Elegir mal el tipo societario es uno de los costos invisibles más caros que asume un emprendedor antes de operar. La decisión sobre qué tipo de sociedad constituir condiciona impuestos, responsabilidad de los socios, capacidad de recibir inversión y la flexibilidad operativa de la empresa durante toda su vida útil. Cambiar de tipo societario después implica una transformación regulada por la Ley de Compañías, con escritura pública, aprobación de la Superintendencia de Compañías, Valores y Seguros (SCVS), costos notariales y semanas o meses de trámite que la empresa habría preferido invertir en operar.
Esta guía es decisional, no descriptiva. Encontrará una matriz comparativa rápida de los tipos de sociedades en Ecuador, criterios de elección por escenario de negocio, las opciones para migrar entre tipos cuando la empresa cambia de fase, y los errores frecuentes que vemos en clientes que ya empezaron mal. Si necesita el detalle operativo de cómo constituir cada tipo, paso a paso, revise nuestra guía de constitución de empresa en Ecuador, que cubre la documentación, el trámite ante la SCVS y los costos.
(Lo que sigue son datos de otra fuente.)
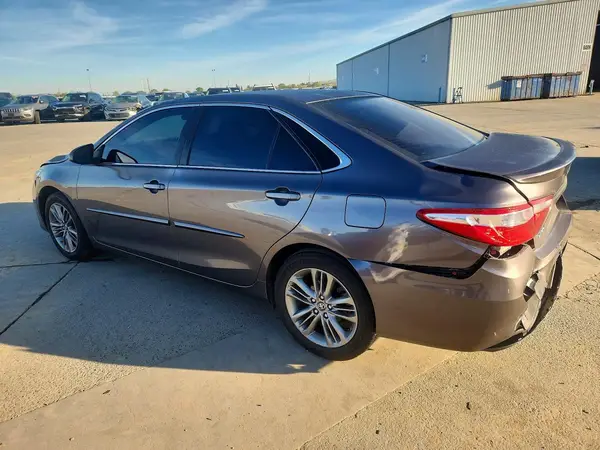 4T1BF1FK2HU814415 2017 TOYOTA CAMRY - Image 2
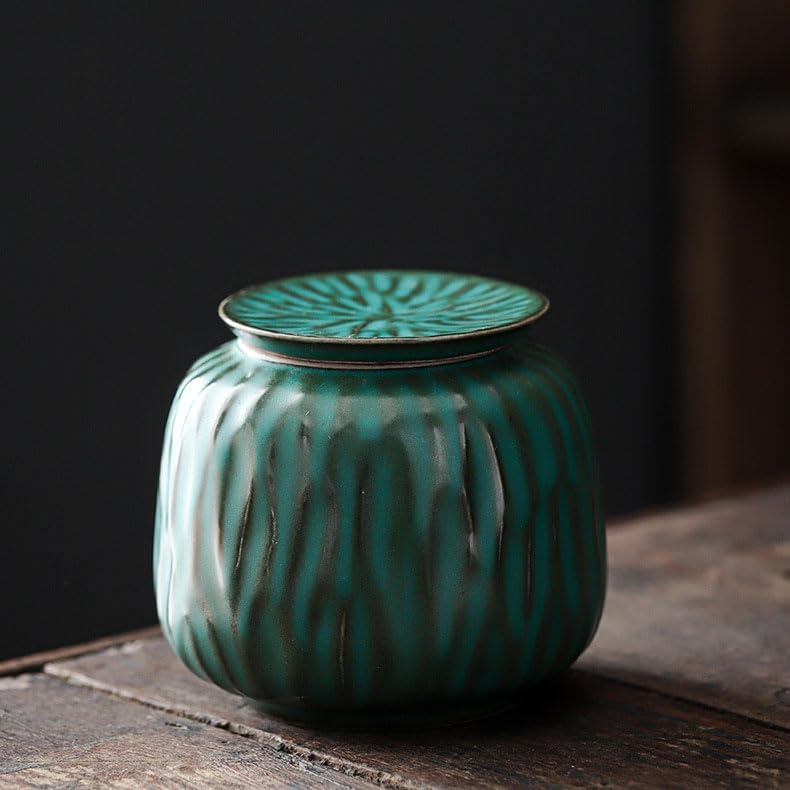 EternaLoom Timeless Ceramic Memorial Urn – Elegant Keepsake for Pets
Matriz comparativa de tipos de sociedades en Ecuador
Tabla rápida: SAS, Cía. Ltda., S.A. y otros tipos
| Criterio | SAS | Cía. Ltda. | S.A. (Anónima) | Comandita / N. Colectivo |
|---|---|---|---|---|
| Capital mínimo | Sin mínimo legal | USD 400 | USD 800 | Variable |
| Pago al constituir | Estatutario | 50% mínimo | 25% mínimo | Estatutario |
| Socios mínimo | 1 | 1 (post-reforma 2023) | 1 (post-reforma 2023) | 2+ |
| Socios máximo | Sin tope | 15 | Sin tope | Sin tope |
| Responsabilidad socios | Limitada al aporte | Limitada al aporte | Limitada al aporte | Mixta o ilimitada |
| Transferencia de participaciones/acciones | Libre por estatuto | Libre entre socios; unanimidad para terceros | Libre | Variable |
| Constitución | Electrónica | Documento privado o escritura | Documento privado o escritura | Escritura pública |
| Cotiza en bolsa | No | No | Sí | No |
| Caso de uso típico | Emprendimientos, holdings, startups | PYMEs con socios estables | Empresas medianas/grandes con inversión | Casos puntuales |
La matriz muestra el panorama, pero la elección depende del escenario concreto del negocio, no solo del capital disponible. Un emprendimiento de software con un solo fundador y plan de recibir inversión externa en 12 meses elige distinto a un negocio familiar de tres hermanos que no van a incorporar terceros nunca.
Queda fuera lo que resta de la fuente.